Que l’on soit en accord ou non avec les visées de la nouvelle loi, force est de constater qu’elle limite, dans les faits, l’exercice du droit de grève. «Le patronat et les gouvernements ne cessent de s’attaquer au droit de grève depuis le milieu des années 1990», affirme le professeur du Département des sciences juridiques Martin Gallié.

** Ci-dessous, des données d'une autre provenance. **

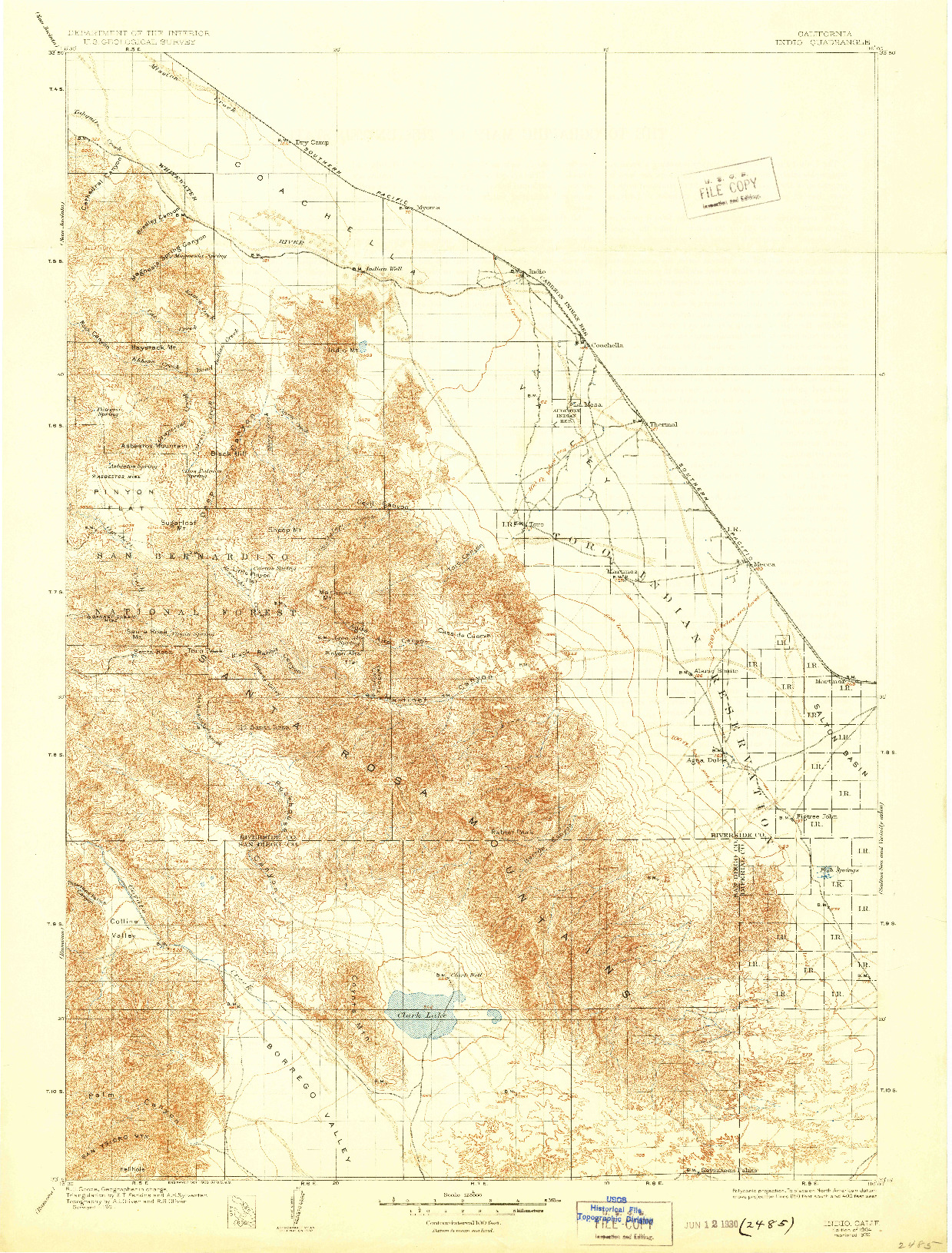 USGS 1:125000-SCALE QUADRANGLE FOR INDIO, CA 1904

Dans le cadre d’un projet de recherche financé par le CRSH, le juriste et son équipe s’intéressent plus spécifiquement aux conflits de travail ayant recours au tribunal. «Nous souhaitons comparer les différents recours judiciaires mobilisés par les employeurs et les syndicats en temps de grève et de lock-out, précise-t-il. Qui mobilise le droit en période d’arrêt de travail? Pour quelles raisons et comment? Quelles sont les exigences de preuve requises pour les uns et les autres? Pour quels résultats? Voilà le type de questions auxquelles nous tenterons d’apporter des réponses.»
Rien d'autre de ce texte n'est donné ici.